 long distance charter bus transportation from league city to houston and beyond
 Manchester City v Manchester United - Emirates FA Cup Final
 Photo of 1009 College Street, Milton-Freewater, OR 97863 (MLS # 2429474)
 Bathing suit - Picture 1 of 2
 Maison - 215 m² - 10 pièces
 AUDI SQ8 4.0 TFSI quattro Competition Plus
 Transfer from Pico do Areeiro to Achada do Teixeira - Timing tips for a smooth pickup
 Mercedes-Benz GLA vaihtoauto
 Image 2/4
+-------+
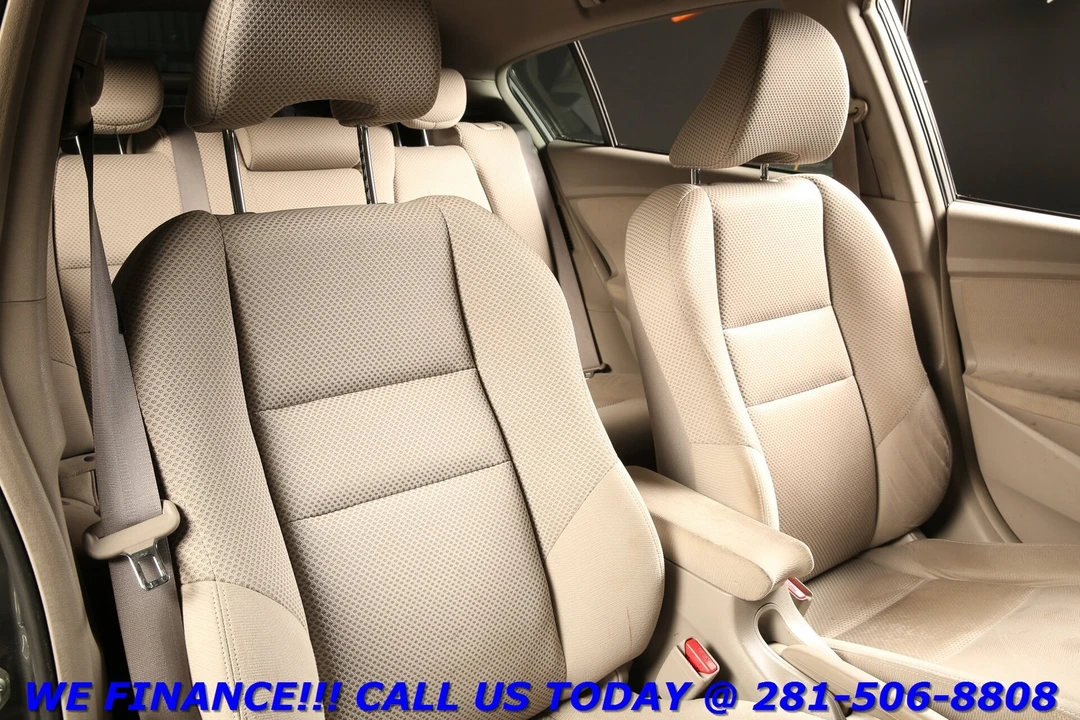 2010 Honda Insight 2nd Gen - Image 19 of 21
+-------+
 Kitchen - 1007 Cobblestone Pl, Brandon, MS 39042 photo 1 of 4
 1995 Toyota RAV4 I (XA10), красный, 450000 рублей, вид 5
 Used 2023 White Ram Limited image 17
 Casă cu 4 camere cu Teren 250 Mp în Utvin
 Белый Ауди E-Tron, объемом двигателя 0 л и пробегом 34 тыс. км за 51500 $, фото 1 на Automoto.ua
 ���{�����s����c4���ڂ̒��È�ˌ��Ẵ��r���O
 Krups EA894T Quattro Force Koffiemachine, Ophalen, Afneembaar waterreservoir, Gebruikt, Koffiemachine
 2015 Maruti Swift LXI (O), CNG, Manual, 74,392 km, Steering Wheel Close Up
+-------+
- _Aim of the exercise_
Go line by line through the material above and return each one that includes "from".

- _Your response_
 long distance charter bus transportation from league city to houston and beyond
 Transfer from Pico do Areeiro to Achada do Teixeira - Timing tips for a smooth pickup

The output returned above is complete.